У некоторых друзей осталось подозрение, что Цезарь сам не хотел дольше жить, а оттого и не заботился о слабеющем здоровье и пренебрегал предостережениями знамений и советами друзей. Иные думают, что он полагался на последнее постановление и клятву сената и после этого даже отказался от сопровождавшей его охраны из испанцев с мечами; другие, напротив, полагают, что он предпочитал один раз встретиться с грозящим отовсюду коварством, чем в вечной тревоге его избегать. Некоторые даже передают, что он часто говорил: жизнь его дорога не столько ему, сколько государству – сам он давно уж достиг полноты власти и славы, государство же, если что с ним случится, не будет знать покоя, а только ввергнется во много более бедственные гражданские войны.
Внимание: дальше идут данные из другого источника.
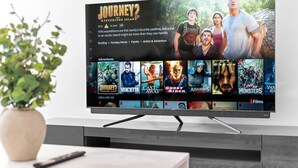 A flat-screen TV mounted on a wall displaying a movie selection menu. - Luxury 2 Bed Apartment (Birmingham)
Как бы то ни было, в одном согласны почти все: именно такого рода смерть была ему почти желанна. Так, когда он читал у Ксенофонта, как Кир в предсмертном недуге делал распоряжения о своем погребении, он с отвращением отозвался о столь медленной кончине и пожелал себе смерти внезапной и быстрой. А накануне гибели, за обедом у Марка Лепида в разговоре о том, какой род смерти самый лучший, он предпочел конец неожиданный и внезапный.